The U.S. Court of Appeals for the Third Circuit recently held that the Telephone Consumer Protection Act ("TCPA"), 47 U.S.C. § 227(b), does not require exclusive state court jurisdiction, and does not preclude putative TCPA class actions from being brought in federal court pursuant to diversity jurisdiction under CAFA.
A copy of the opinion is available at: http://www.ca3.uscourts.gov/opinarch/093105p.pdf
This matter came before the Court as a consolidated appeal involving three putative class actions brought under the TCPA. The putative class plaintiffs in all cases contended that the various district courts had erred by dismissing the cases for lack of subject matter jurisdiction.
As you may recall, the TCPA makes it illegal "to use any telephone facsimile machine, computer, or other device to send, to a telephone facsimile machine, an unsolicited advertisement" subject to certain statutory exceptions. There are separate provisions for private parties and state attorneys general bringing claims under the statute. The private right of action provides in pertinent part that an individual may bring an action "if otherwise permitted by the laws or rules of court of a State, [to] bring in an appropriate court of that State" to recover damages of "at least $500 per unsolicited fax."

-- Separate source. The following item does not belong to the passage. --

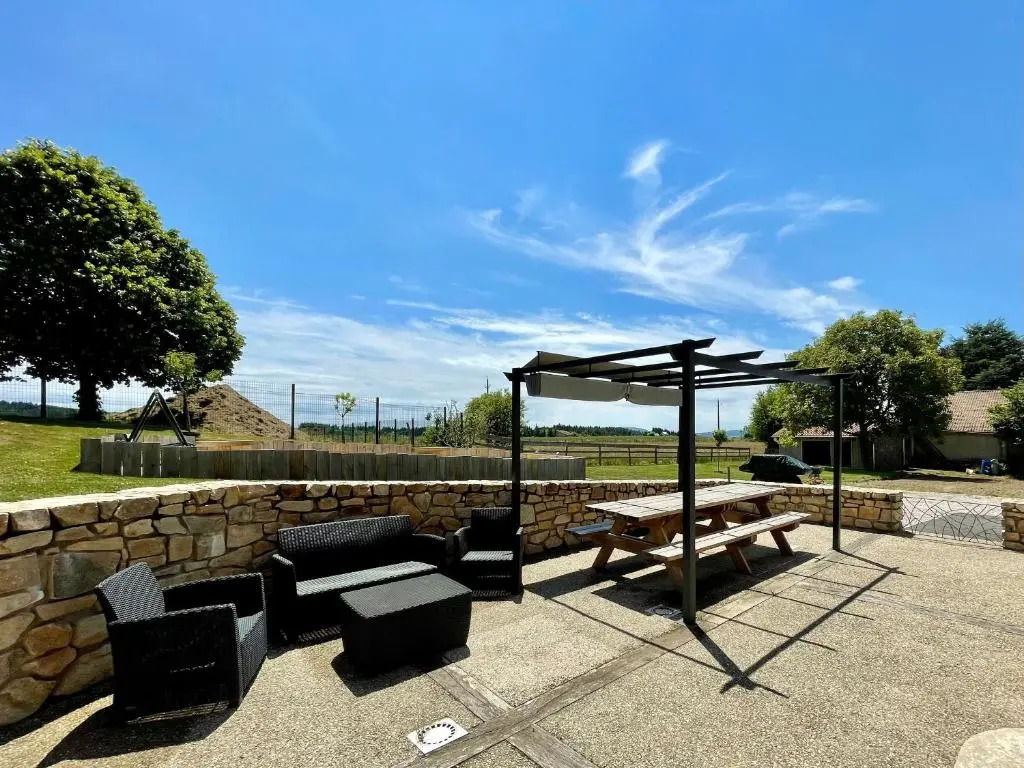 Grand gîte cosy avec terrasse, jardin et jeux à Boisset, proche villages médiévaux et loisirs nature - FR-1-582-246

In the Court's previous decision in ErieNet, Inc. v. Velocity Net, Inc., 156 F.3d 513 (3d Cir. 1998), the Third Circuit held that Congress "intended to divest federal courts of federal question jurisdiction over individual TCPA claims." This is the majority rule, as only the Sixth and Seventh Circuits allow federal questions jurisdiction for TCPA cases.
In the instant matter the Court noted that diversity jurisdiction was conferred on the federal courts under 28 U.S.C. § 1332(d), an amendment to the Class Action Fairness Act. The Court found that historically diversity jurisdiction had "an expansive nature and straightforward applicability," and that diversity jurisdiction is "presumed to exist for all causes of action so long as the statutory requirements are satisfied." Thus, the Court held that federal courts have diversity jurisdiction over putative TCPA class actions that meet CAFA's requirements. This is the majority rule also.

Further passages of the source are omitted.